The drive home was much nicer than the drive back to my sister’s house after my surgeries, but then again, I had had time to recover and had learned to adapt to my needs. I utilized a pillow on my lap to help support my arms and to soften the blow over any bumps in the road we hit. My seat belt was a little trickier. Having the strap across my chest was painful. I often would hold the strap away from my body and eventually got tired of it and moved the strap behind my back. I know it’s not safe, but when you have a three hour ride home, you simply need to do the best you can.

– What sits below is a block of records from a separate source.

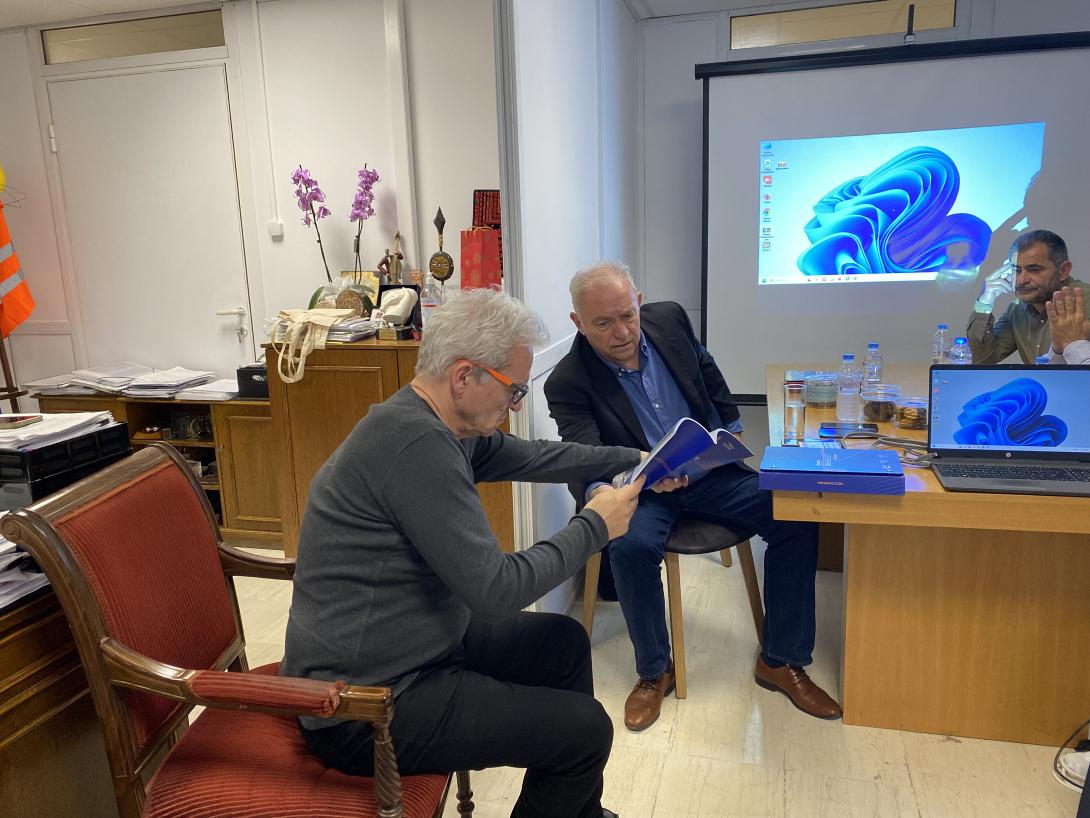 ΚΑΛΟΚΑΙΡΙΝΟς - ΛΈΚΚΑς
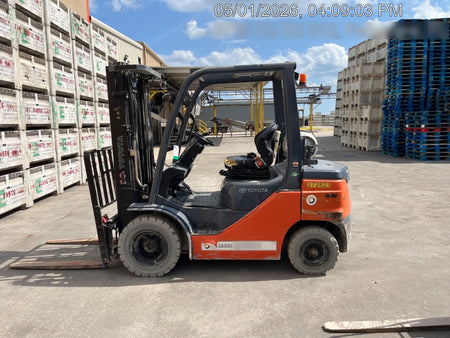 2022 TOYOTA 50-8FGU25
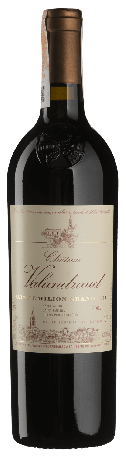 Вино Chateau Valandraud Casher 2002 - 0,75 л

Coming out of the second mountain pass brought a sigh of relief. Twenty more minutes and I would be walking through my front door. The trip would come to a close, and the majority of my healing would take place at home. I believe home is where I needed to be. It’s where I felt the most comfortable, where my heart and my family reside.
When I finally walked through the front door, I was greeted by my in-laws with a beautiful bouquet of lavender flowers. Our dog, just over a year old, showed nothing but pure excitement to have us all home too. Walking further into the house and into the living room, I found numerous cards from family and friends next to my newly purchased fluffy red recliner. I was never a big fan of recliners, they just didn’t fit my tastes, but we made sure to purchase one prior to my surgery. I’m glad we did because that became my bed for the next three weeks.
Sleeping in a recliner was not a necessity; however, it was the most comfortable for me during that time. Lying flat in bed became difficult. I’ve always been a side sleeper and many times during the night I would rotate from one side to the other. Sleeping on my side was not an option (due to comfort) at that point in my recovery. So, I took to my recliner with added pillows for my arm supports and allowed my husband to have a restful sleep too. After all, I was able to nap numerous times during the day, while my husband had to play the role of mom and dad, caregiver, and chiropractor. I couldn’t even begin to express how grateful I am for those two extra hats he had to put on.
Home, to me, is where ever your heart resides. My heart lies with my husband and daughter. I felt I was able to recover more quickly when I was with them. My spirit was renewed from two surgeries and the news of cancer, all because I had my family by my side. Those two truly are my heart, my soul, my everything.